The Quick Ratio (also referred to as the acid test ratio) is a financial ratio formula whose main aim is to help the companies measure their ability to pay off their short-term liability dues within the next 90 days with the help of their near-cash assets. It tries to portray how a firm can maximise its Quick Assets to settle short-term debts towards its creditors. Management can use this ratio to get an idea about their preparedness to pay off immediate loan obligations. It can also use this ratio to find out methods to increase its cash and near-cash assets. The ratio is arrived at by dividing the value of the Quick Assets of an organisation by the value of its Current Liabilities. The formula to calculate the Quick Ratio is as mentioned below:
Quick Ratio = Quick Assets/Current Liabilities
Quick Assets are the assets present in a company’s balance sheet that are convertible into cash at short notice. They include cash and cash equivalents, accounts receivable and marketable securities. Current Liabilities, on the other hand, are short-term obligations that a firm needs to pay off to the creditors within a year’s time. Some of the Current Liabilities that are present in the balance sheet include short-term debt, accounts payable, outstanding income taxes, dividends payable and accrued expenses.
Advantages of Quick Ratio
Companies have been using the Quick Ratio to measure their capability of disposing of immediate debt obligations using cash and near-cash assets. There are a number of advantages of using the Quick Ratio for an organisation, which we will discuss in the below paragraphs:
- The main advantage for a company of using the Quick Ratio is that it can easily help them to adequately gauge its overall financial health. If the Quick Ratio is less than one, it denotes that the firm has to shore up its cash and near-cash assets to cover the near-term debt obligations or else it will end up facing liquidity problems. However, if the Quick Ratio is more than 1, the company is doing pretty well in terms of handling its short-term liabilities. Companies should aim for this number as it will help them to have enough reserves at all times.

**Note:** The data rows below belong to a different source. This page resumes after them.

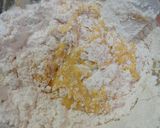 濃厚☆ケーキシロップでメープルクッキー作り方6写真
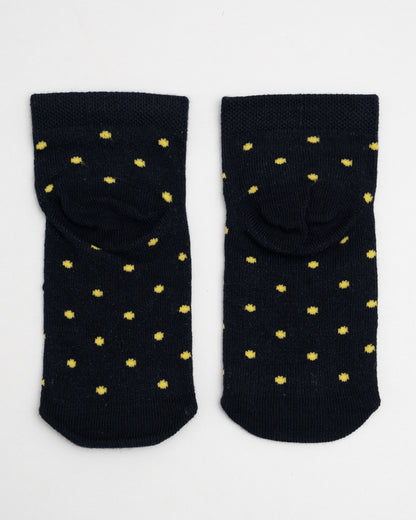 Bodycare Multicolor Socks-Printed-Cotton-Pack of 12-For Infants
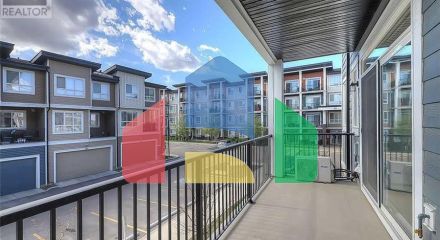 Residential - Condo/Apartment - Calgary, Canada - Canada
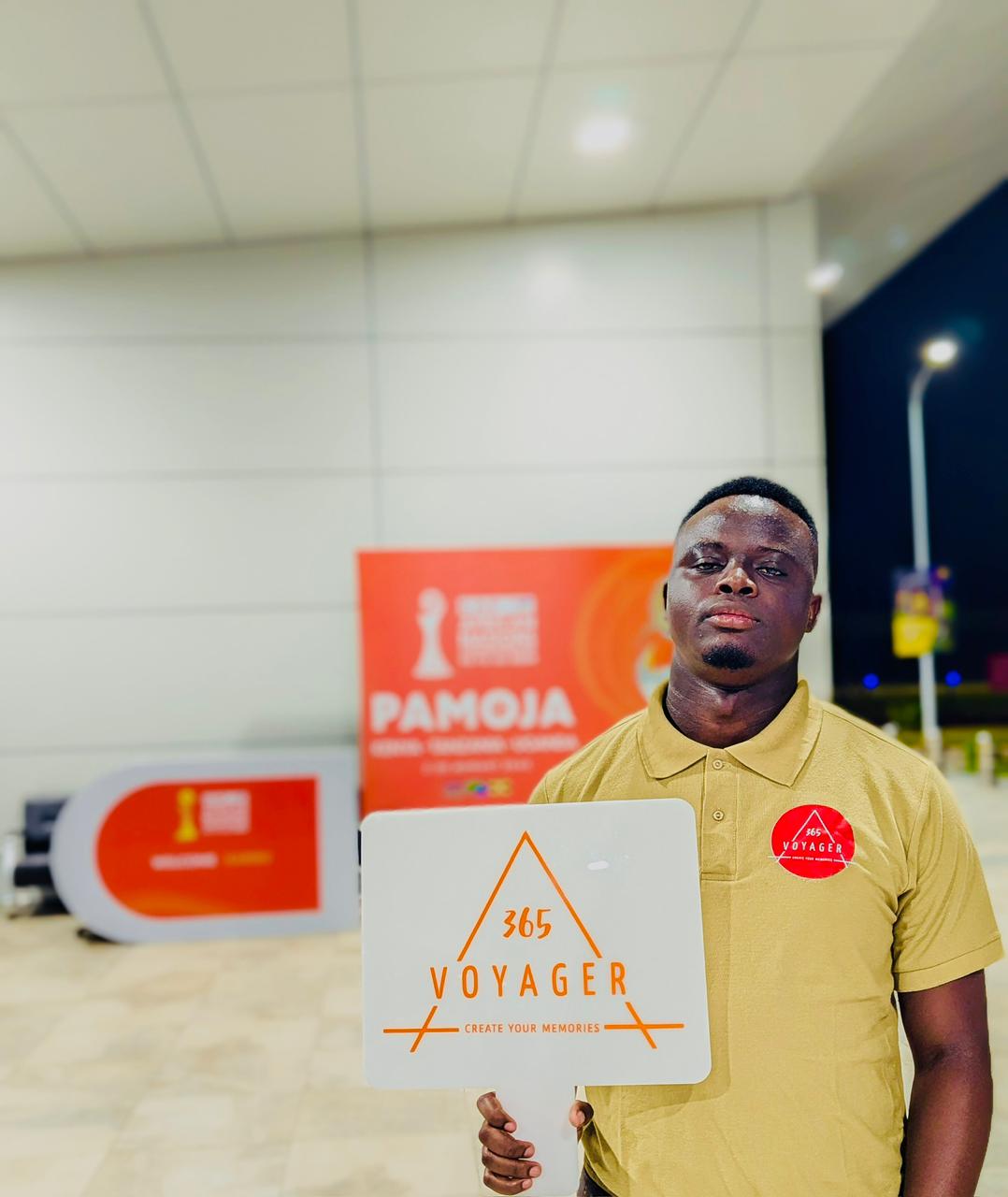 Nalisis coordinating a large group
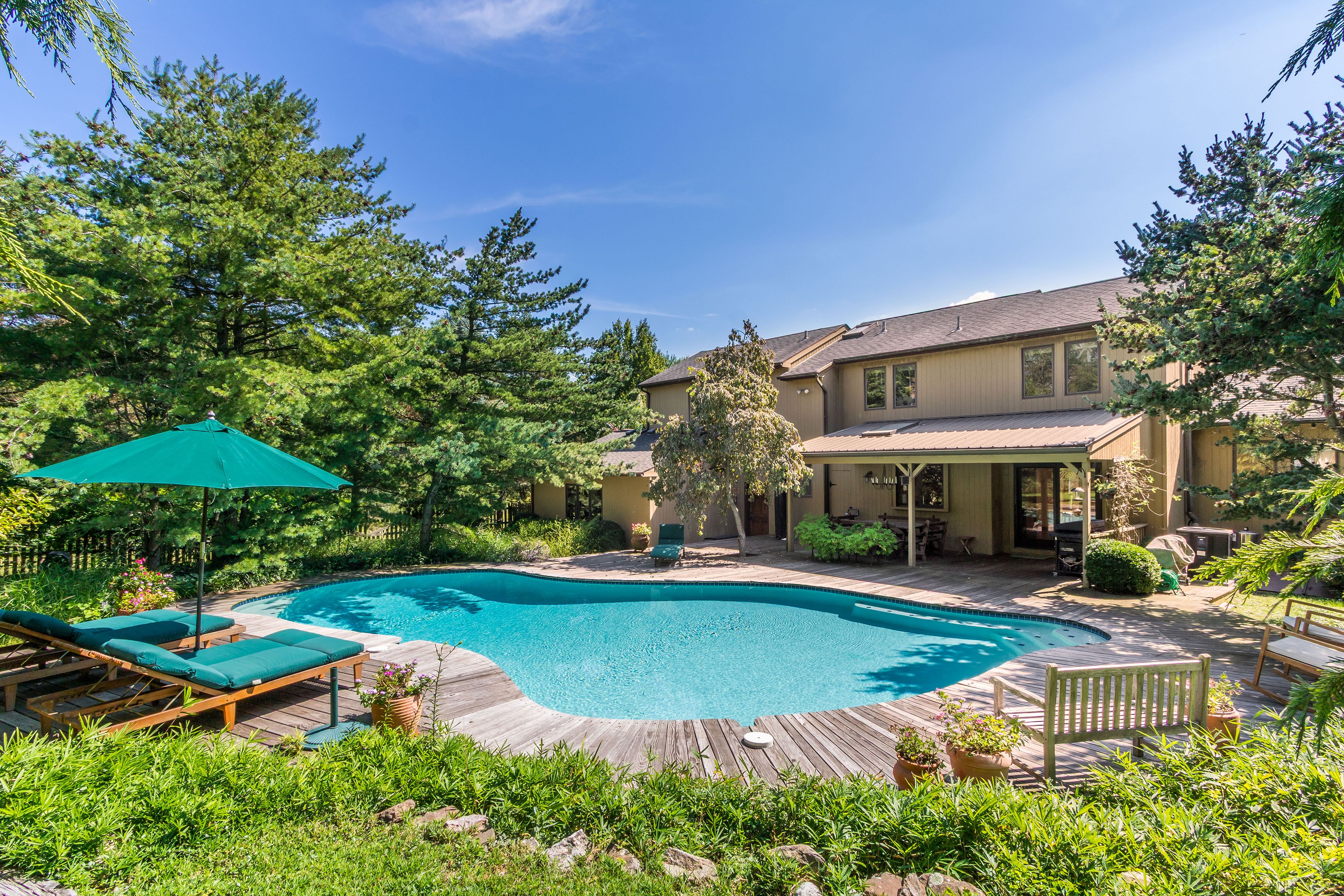  2511 Hickory Lane, Coopersburg, PA 18036 - 物件實景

- The Quick Ratio will also help a firm get an idea of the efficiency of its overall operating cycle. It will bring about an understanding of the areas where they need to change drastically to avoid any sort of debt. It is important to know that because in case the Quick Ratio ends up being lower than 1, the management will have to address this problem immediately before it becomes too big to handle.
- Calculating the Quick Ratio also informs the decision-makers in a firm if they are able to maintain an optimal level of Quick Assets to help pay off their immediate liabilities. Companies must focus on having a Quick Ratio of more than one. It is important because having enough cash and near-cash assets can help them cover the liabilities without much trouble.
Limitations of Quick Ratio
The Quick Ratio is useful in a number of ways, but not all firms prefer to use it as the only means to measure their liquidity. There are several issues with this financial ratio, which are as follows:
- The Quick Ratio is not a foolproof indicator of the real liquidity position of a firm. It would not be advisable for any management to rely solely on this financial ratio. The main issue with the Quick Ratio is that it gives no information about things like working capital that can help them to make an assessment of the firm’s true financial position.
- The method of calculating the acid test ratio does not include inventory because it is not a part of the Quick Assets. Although inventory is assumed to take more time for conversion into cash, there are several firms where it is very easy to sell it off at a marketable price. So if the management relies solely on the Quick Ratio, they may end up underestimating the capability of their firm to pay off its immediate-term debt obligations.
- Another demerit of using the acid test ratio is that it tends to ignore the timings and level of the cash flows that take place within a company. This sometimes leads to an incorrect estimation of a firm’s ability to pay off its creditors on time and can cause problems for the business in the future.
The Quick Ratio is, without doubt, an important measure to evaluate the ability of a firm to clear off its short-term liabilities. It is essential to help companies assess their liquidity. Companies should be advised to not solely rely on just one financial ratio but also use other measures to ascertain their financial position. This way, they will have a better idea about the liquidity position of their business.
- Difference Between Capital Expenditure and Revenue Expenditure
- Balance Sheet Vs Consolidated Balance Sheet
- Adjustment for Accumulated Profits and Losses
- Balance of Payments Surplus and Deficit
Frequently Asked Questions
What does a Quick Ratio of 5 mean for a company?
A Quick Ratio of 5 means that a company’s Quick Assets are five times the size of its Current Liabilities. It also means that the company is well equipped in terms of liquidity to cover its immediate obligations to creditors.
If the Quick Assets of a small firm is Rs. 8000 and the Current Liabilities is Rs. 8000, what would be the Quick Ratio for that firm? What does it say about the liquidity of the firm?
To calculate the Quick Ratio, we use the below formula:
Quick Ratio = Quick Assets/Current Liabilities
So if Quick Assets is Rs. 8000 and Quick Liabilities are Rs. 8000, then the Quick Ratio will be 1 (80000/80000).
A Quick Ratio of 1 is adequate for the company because it signifies that they have enough cash and near-cash assets to cover the immediate-term obligations towards its creditors.